All of lore.kernel.org
 help / color / mirror / Atom feed
From: Jesper Dangaard Brouer <brouer@redhat.com>
To: "Jason A. Donenfeld" <Jason@zx2c4.com>
Cc: netdev@vger.kernel.org, bpf@vger.kernel.org,
	"Thomas Ptacek" <thomas@sockpuppet.org>,
	"Adhipati Blambangan" <adhipati@tuta.io>,
	"David Ahern" <dsahern@gmail.com>,
	"Toke Høiland-Jørgensen" <toke@redhat.com>,
	"Jakub Kicinski" <kuba@kernel.org>,
	"Alexei Starovoitov" <alexei.starovoitov@gmail.com>,
	"John Fastabend" <john.fastabend@gmail.com>,
	"Daniel Borkmann" <daniel@iogearbox.net>,
	"David S . Miller" <davem@davemloft.net>,
	brouer@redhat.com
Subject: Re: [PATCH net v6] net: xdp: account for layer 3 packets in generic skb handler
Date: Wed, 19 Aug 2020 09:07:56 +0200	[thread overview]

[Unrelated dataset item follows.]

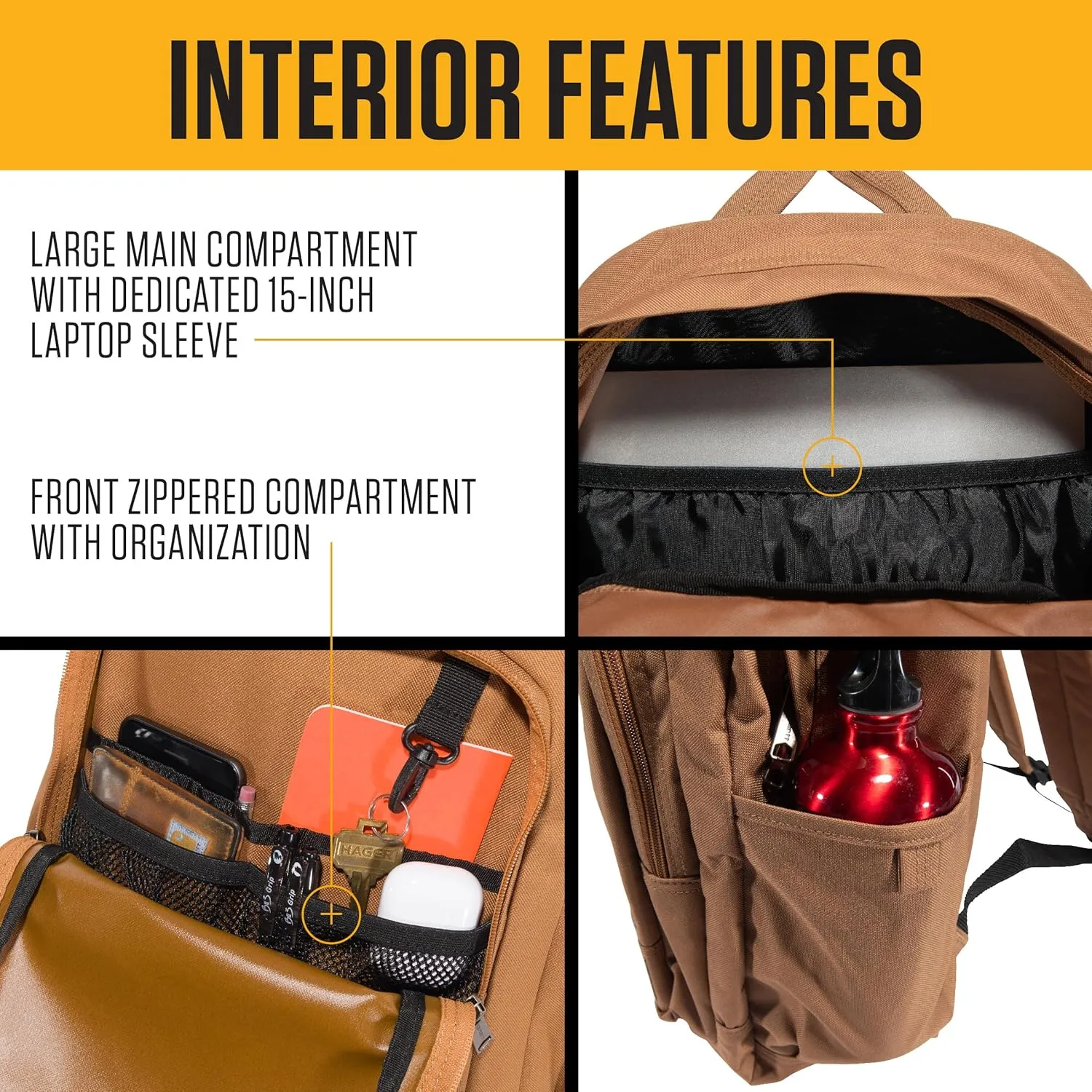 Carhartt 25L Classic Backpack, Durable Water-Resistant Pack W/ 15" Laptop Sleeve and Multiple Organizational Compartments, Port, PFAS Free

Message-ID: <20200819090756.07f76eb9@carbon> (raw)
In-Reply-To: <20200815074102.5357-1-Jason@zx2c4.com>

On Sat, 15 Aug 2020 09:41:02 +0200
"Jason A. Donenfeld" <Jason@zx2c4.com> wrote:

> A user reported that packets from wireguard were possibly ignored by XDP
> [1]. Another user reported that modifying packets from layer 3
> interfaces results in impossible to diagnose drops.
> 
> Apparently, the generic skb xdp handler path seems to assume that
> packets will always have an ethernet header, which really isn't always
> the case for layer 3 packets, which are produced by multiple drivers.
> This patch fixes the oversight. If the mac_len is 0 and so is
> hard_header_len, then we know that the skb is a layer 3 packet, and in
> that case prepend a pseudo ethhdr to the packet whose h_proto is copied
> from skb->protocol, which will have the appropriate v4 or v6 ethertype.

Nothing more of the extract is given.